→ **TASK OBJECTIVE**:
Please restate each line of the data below exactly. Omit all images.

→ **RAW DATA**:
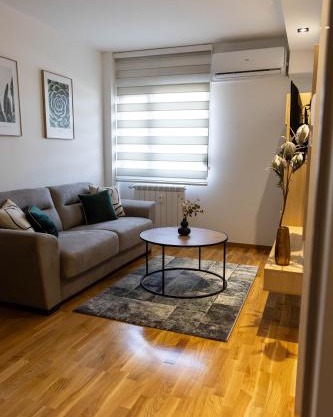 Aveny Lux Apartment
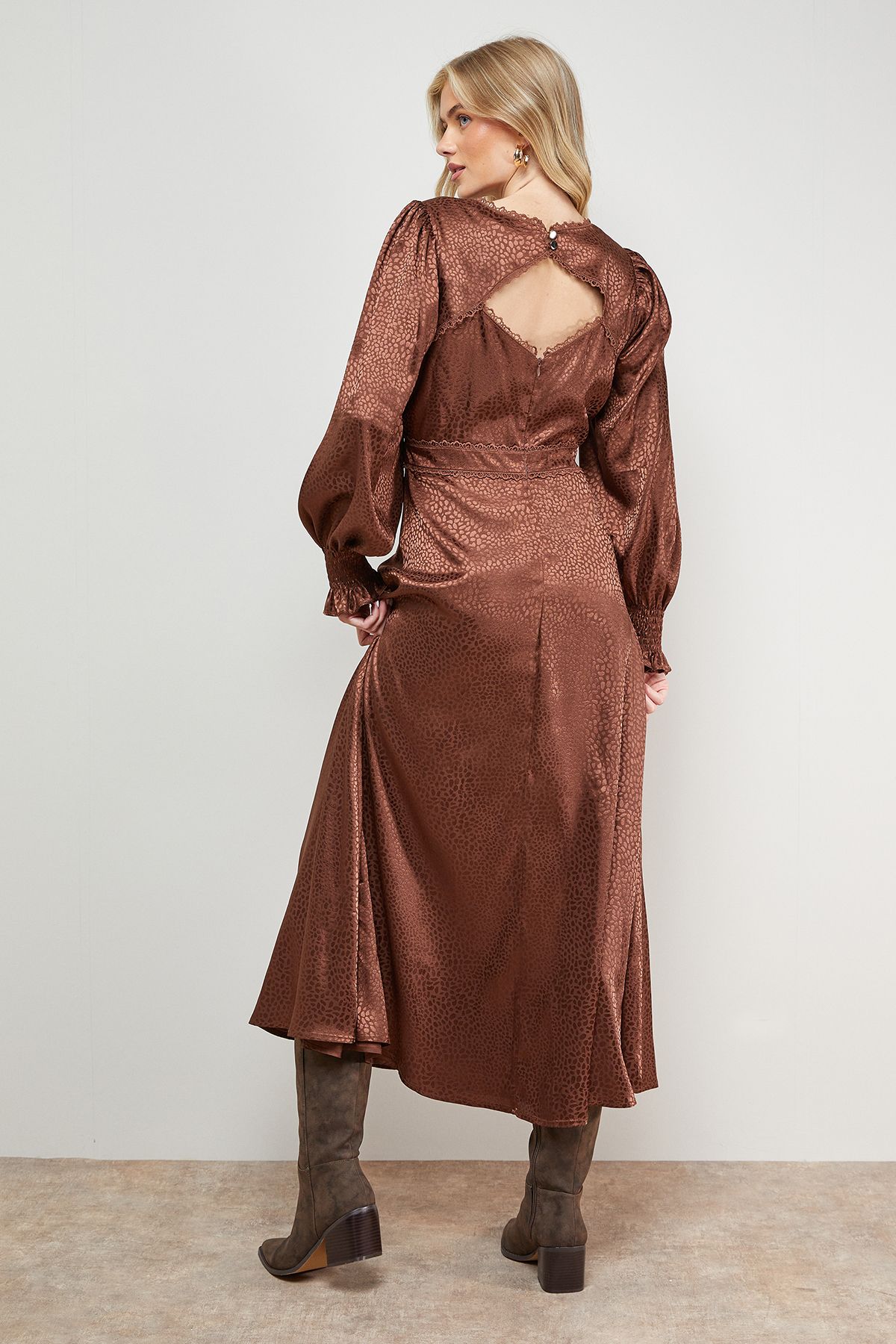 Oasis Jacquard Satin Midi Dress Chocolate image 3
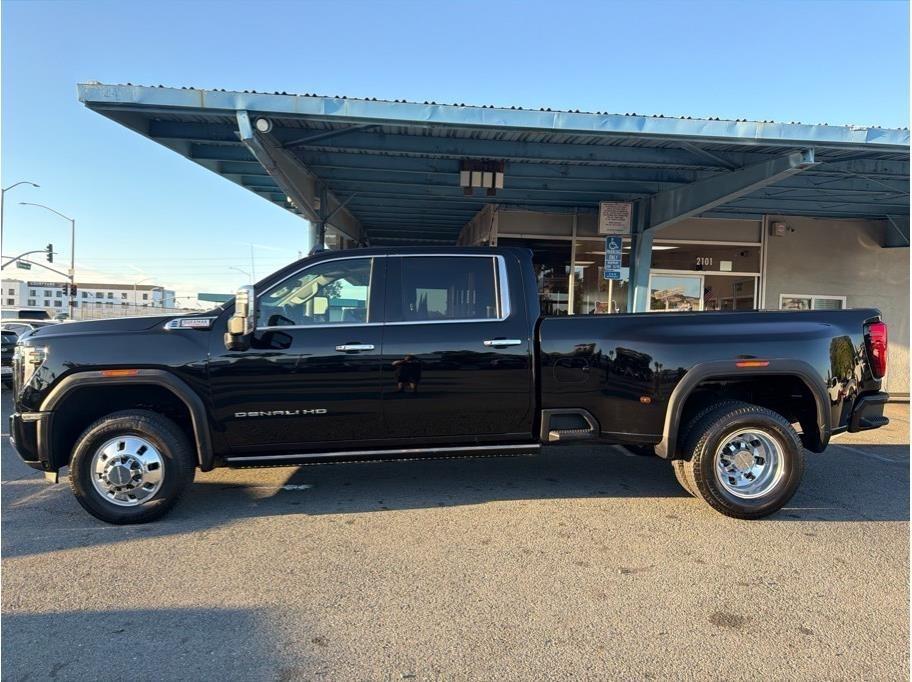GMC Sierra 3500HD Denali Crew Cab 4WD 2024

→ **TASK SOLUTION**:
 Aveny Lux Apartment
 Oasis Jacquard Satin Midi Dress Chocolate image 3
GMC Sierra 3500HD Denali Crew Cab 4WD 2024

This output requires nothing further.